O contrato será de 25 anos, uma parceria público-privada (PPP) do tipo concessão administrativa, com pagamento 100% em dinheiro público. Basicamente, a futura concessionária terá que recuperar e requalificar totalmente os 125 quilômetros da BR-232 entre Recife e Caruaru nos primeiros 2 anos e, no prazo restante, operar e manter a rodovia, além de prestar serviços como socorro mecânico, ambulâncias 24 horas e telefones de emergência na estrada.

O investimento será de R$ 495 milhões. Após os 2 primeiros anos de obras o Estado vai pagar R$ 8,9 milhões ao mês, R$ 2,456 bilhões no total.

Presidente da Associação Brasileira de Concessionárias de Rodovias (ABCR), Moacyr Duarte diz que Pernambuco pode ter o primeiro projeto do gênero no Brasil. Sem criticar o modelo, ele diz que o exemplo mais conhecido no mundo é o de Portugal, que na crise global desistiu e pedagiou as estradas.

O coordenador do Observatório das Parcerias Público-Privadas (PPP Brasil), Bruno Pereira, afirma que, após todo o processo de decisão até a escolha do modelo, em geral com peso maior no benefício de oferecer à população uma estrada de elevado padrão de qualidade, a questão é analisar os riscos.

“Por exemplo, como o Estado vai calcular a receita da concessinária? Uma forma é criar uma praça de pedágio fictícia, uma câmera para contar os carros que passam. Outra é criar indicadores de desempenho, atribuindo uma nota, oito, sete, nove”, explica Bruno Pereira.

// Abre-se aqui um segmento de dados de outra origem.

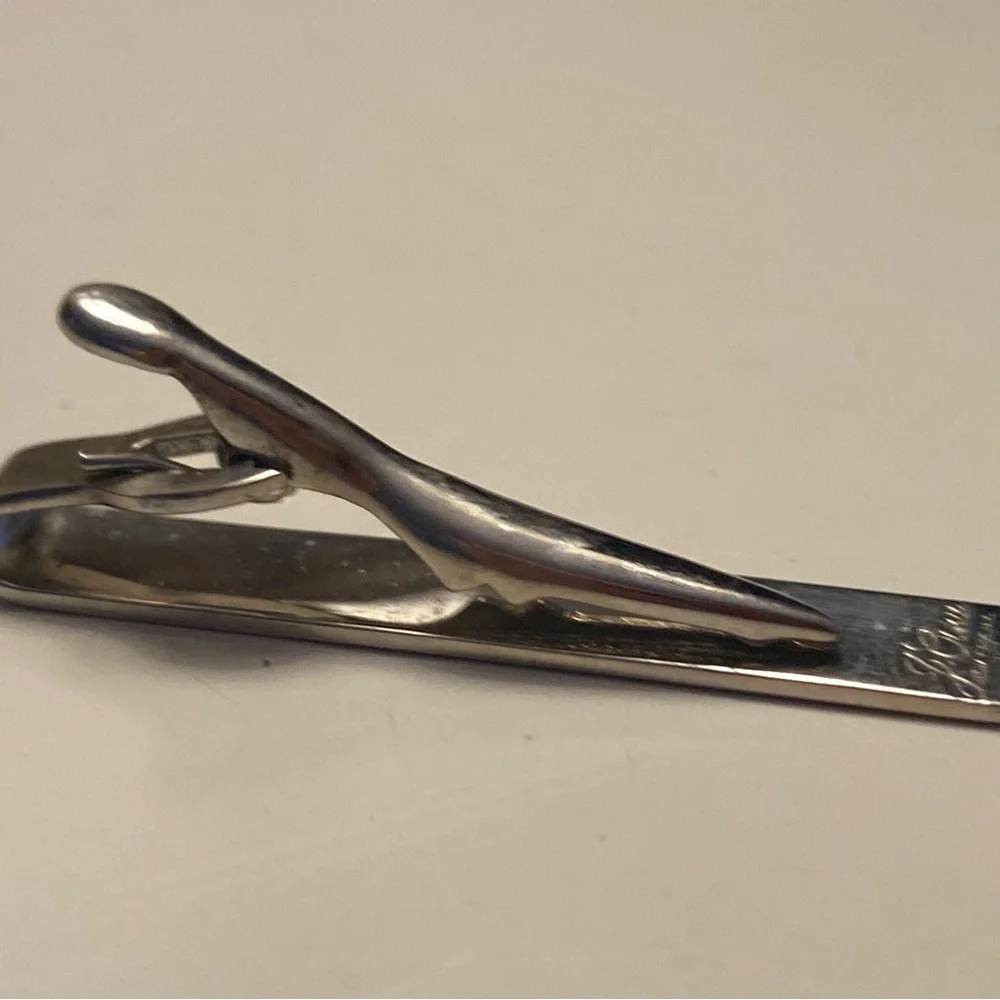 J.Crew Elegant Silver Tie Clip - Picture 3 of 4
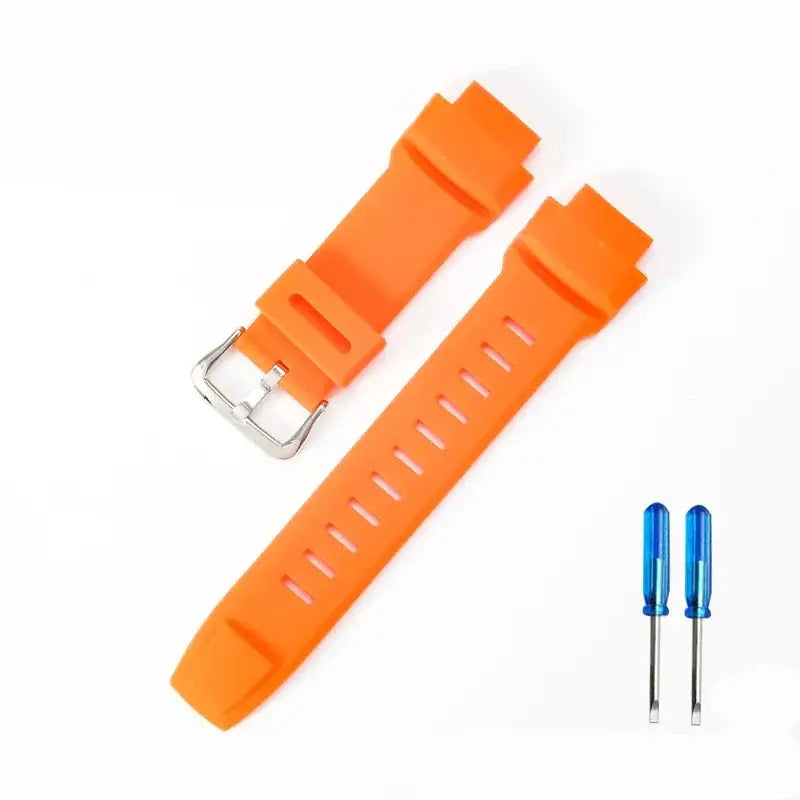 18mm Silicone Watch Strap for Casio Protrek PRG/PRW Series PRG-500 PRG-510 PRG-550 PRG-280 PRG-250 - STRAPS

O governo diz que Minas Gerais e Ceará têm projetos similares em licitação. E que o estudo foi validado pela Projetec Consultoria, que atuou na fiscalização e desenvolvimento de projetos como a Adutora do Agreste, terrenos da Fiat, Centro de Convenções e em Suape.

Na BR-232, o governo diz que a Projetec analisou rentabilidade (Taxa Interna de Retorno), investimento (observando tabelas de custos e parâmetros de outras concessões) e custos da operação, em rodovias como BR-101 (BA) e BR-116 (MG).

PORTUGAL

Falar em concessão rodoviária sem pedágio leva técnicos, empresários e até o próprio governo a citar o caso de Portugal. O país europeu em 1997 criou as Scuts, estradas privatizadas sem cobrança aos motoristas. Porém, em 2011, 14 anos depois de implantadas, as Scuts foram extintas por serem caras demais para um governo atingido em cheio pela crise internacional.

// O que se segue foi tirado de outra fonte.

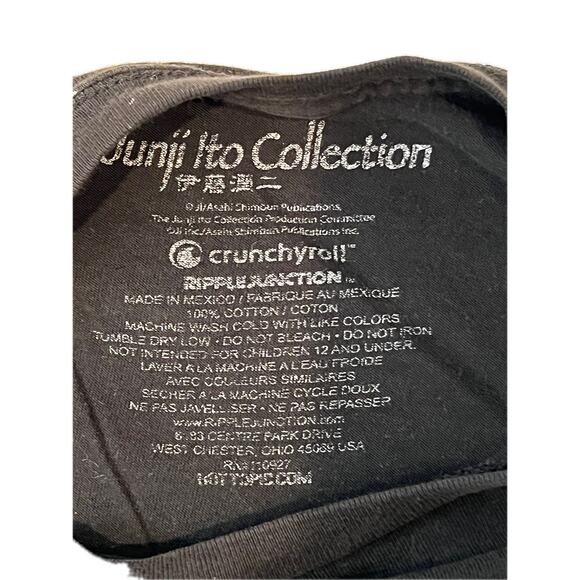 Junji Ito Collection Crunchyroll Anime T-Shirt Mens XL - Picture 3 of 3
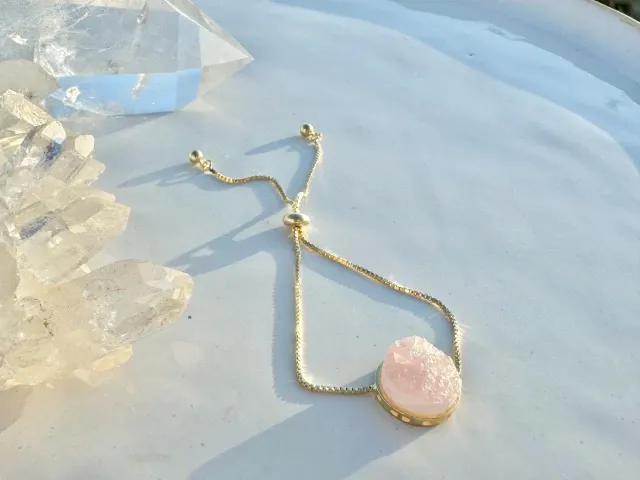 Cosmic Rose Quartz Bracelet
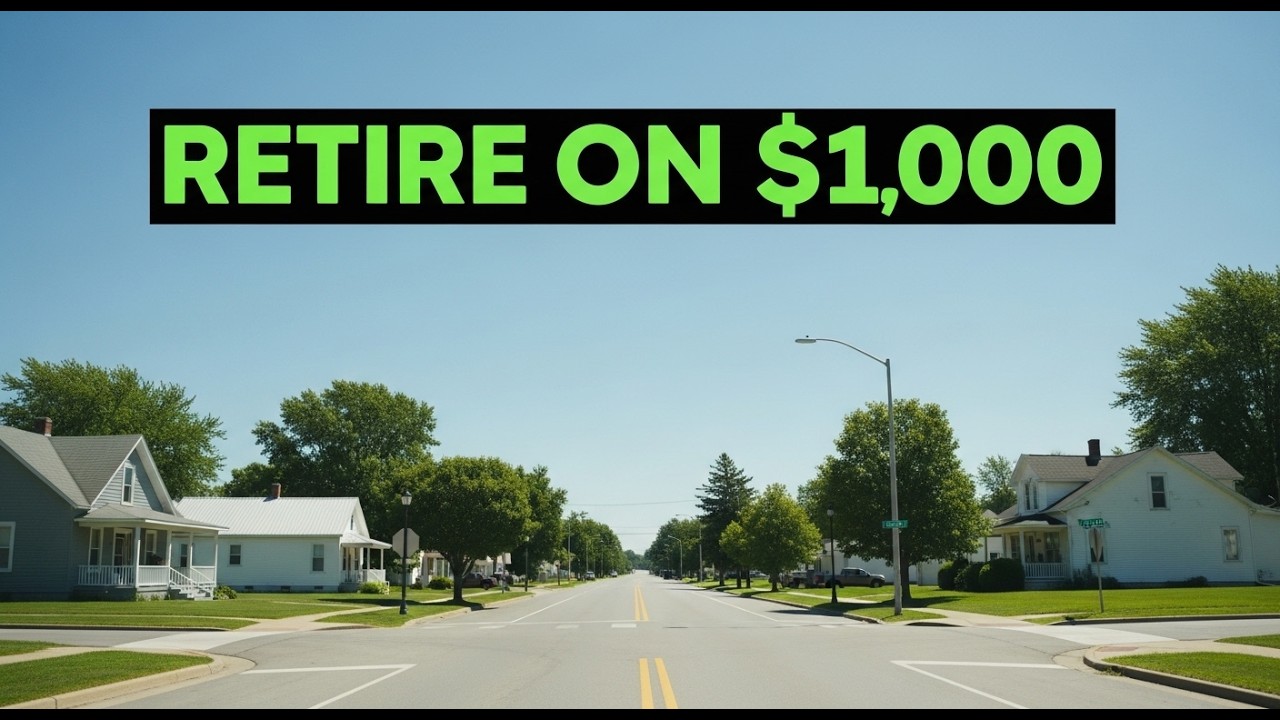 You Can Retire on $1,000/Month in These 12 U.S. Towns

Em 2011, último ano das Scuts, elas custaram a Portugal 1,94 bilhão. Eduardo Jordão, professor da FGV Direito Rio e especialista em direito administrativo, diz que esses contratos têm benefícios: manutenção da qualidade da rodovia e estímulo ao desenvolvimento e obras e serviços pagas no longo prazo pelo poder público. Mas há riscos econômicos e jurídicos.

“O fato é que, ainda que de forma diferida no tempo, o poder público terá que arcar sozinho com os custos da obra e isso poderá comprometer as suas finanças. Esta foi uma das principais razões das críticas que se fizeram em Portugal a este modelo. A certo ponto, os gastos com as rodovias não pedagiadas ultrapassavam metade do orçamento anual do Ministério dos Transportes”, conta Jordão.

Ele diz ser possível questionar o fato de que no pedágio, só quem usa paga, enquanto sem a tarifa todos os contribuintes bancam a conta. E como a lei tem um teto de gastos com PPPs, um contrato pode impedir a criação de concessões em tese mais úteis do que a concessão rodoviária.

Em nota, o governo diz ter buscado base na modelagem jurídica de experiências em Portugal e Inglaterra, “mas com variantes mais adequadas à realidade brasileira e evitando os problemas que ocorreram em algumas dessas concessões administrativas.”